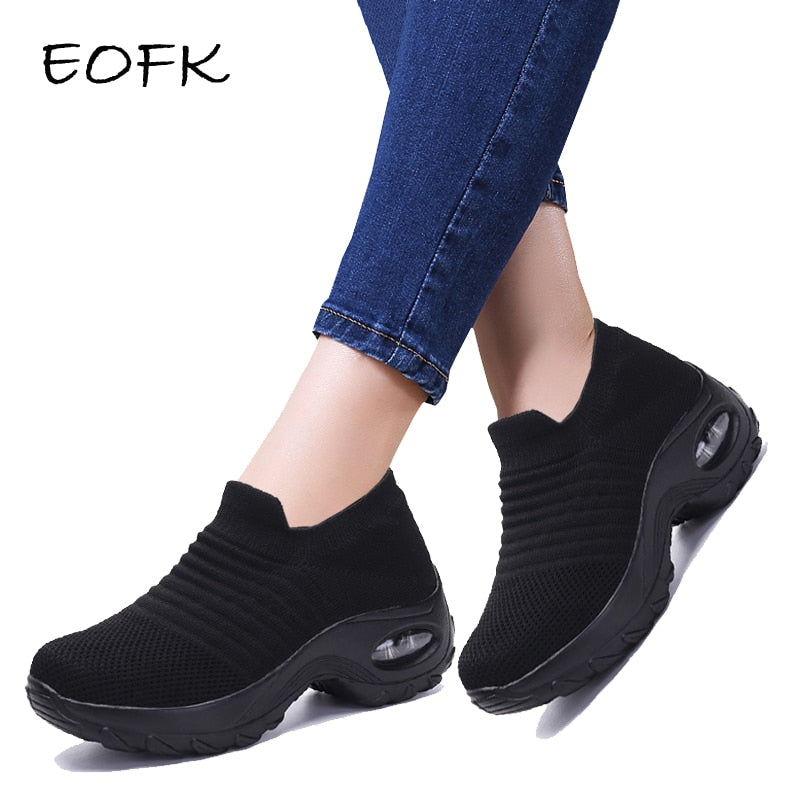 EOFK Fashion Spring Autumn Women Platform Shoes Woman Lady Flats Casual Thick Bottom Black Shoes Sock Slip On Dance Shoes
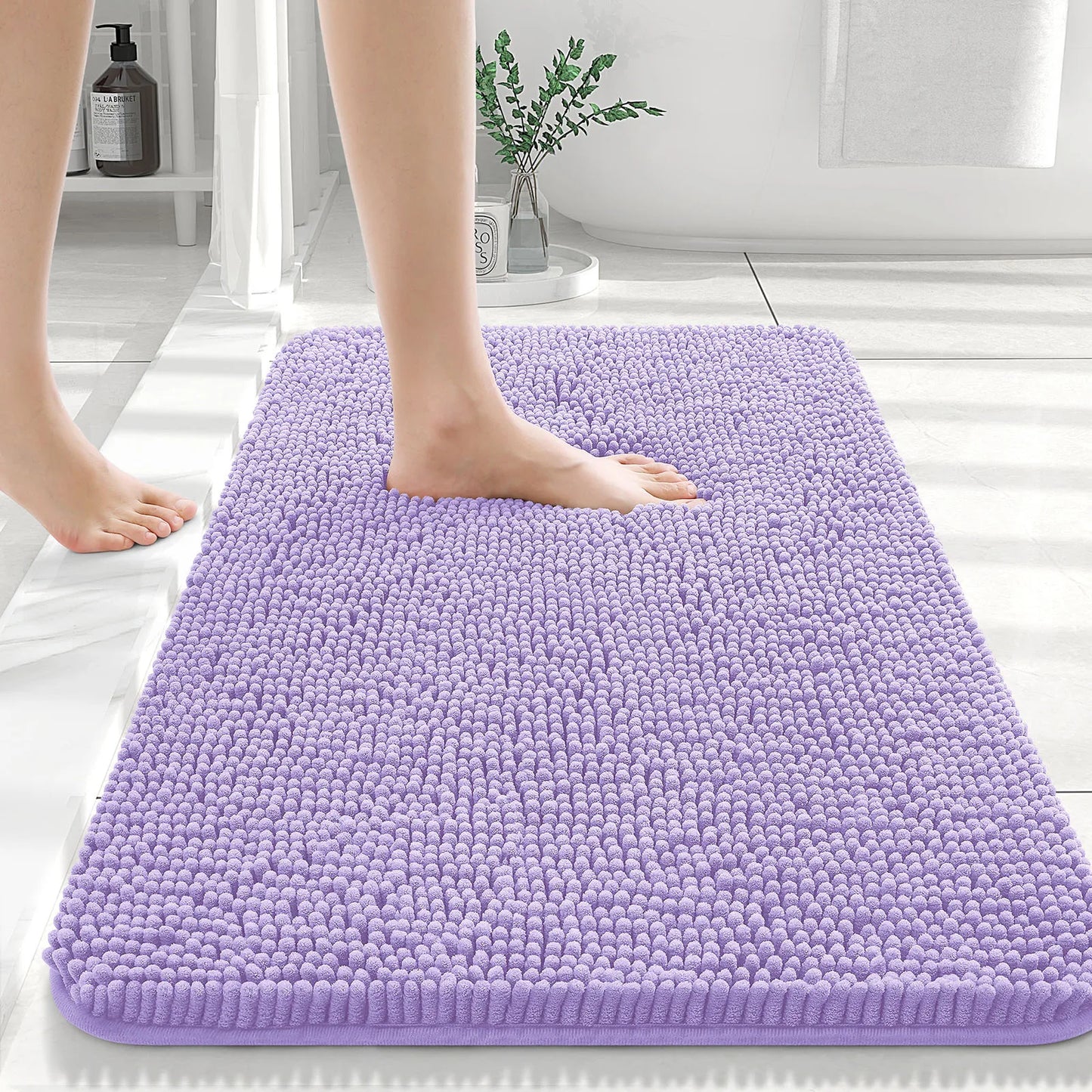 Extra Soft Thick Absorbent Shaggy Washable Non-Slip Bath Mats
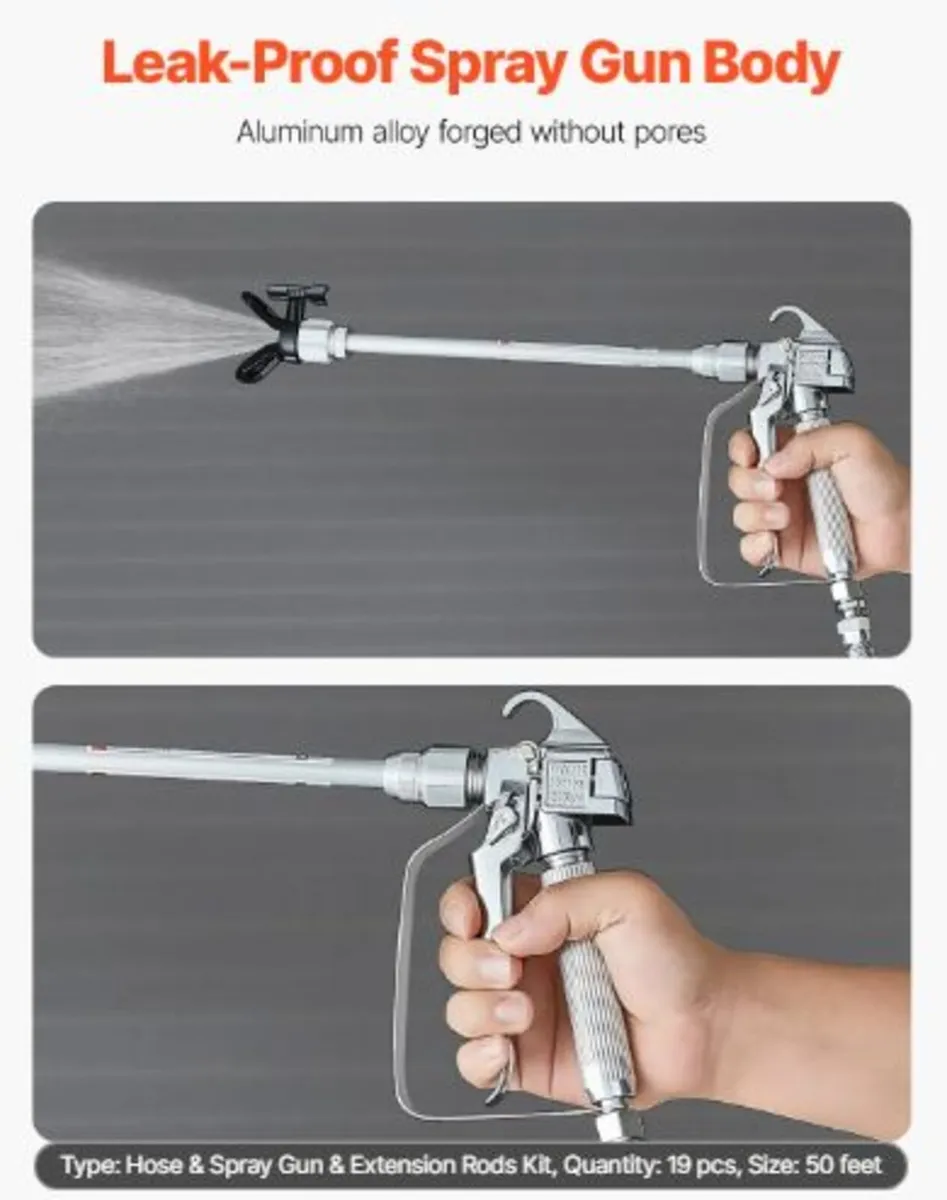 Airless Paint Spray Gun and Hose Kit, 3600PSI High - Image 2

§ Your objective
The required output is the line containing "Extra Soft Thick" plus every line after it to the end of the data, copied exactly and with no pictures.

§ Task answer
 Extra Soft Thick Absorbent Shaggy Washable Non-Slip Bath Mats
 Airless Paint Spray Gun and Hose Kit, 3600PSI High - Image 2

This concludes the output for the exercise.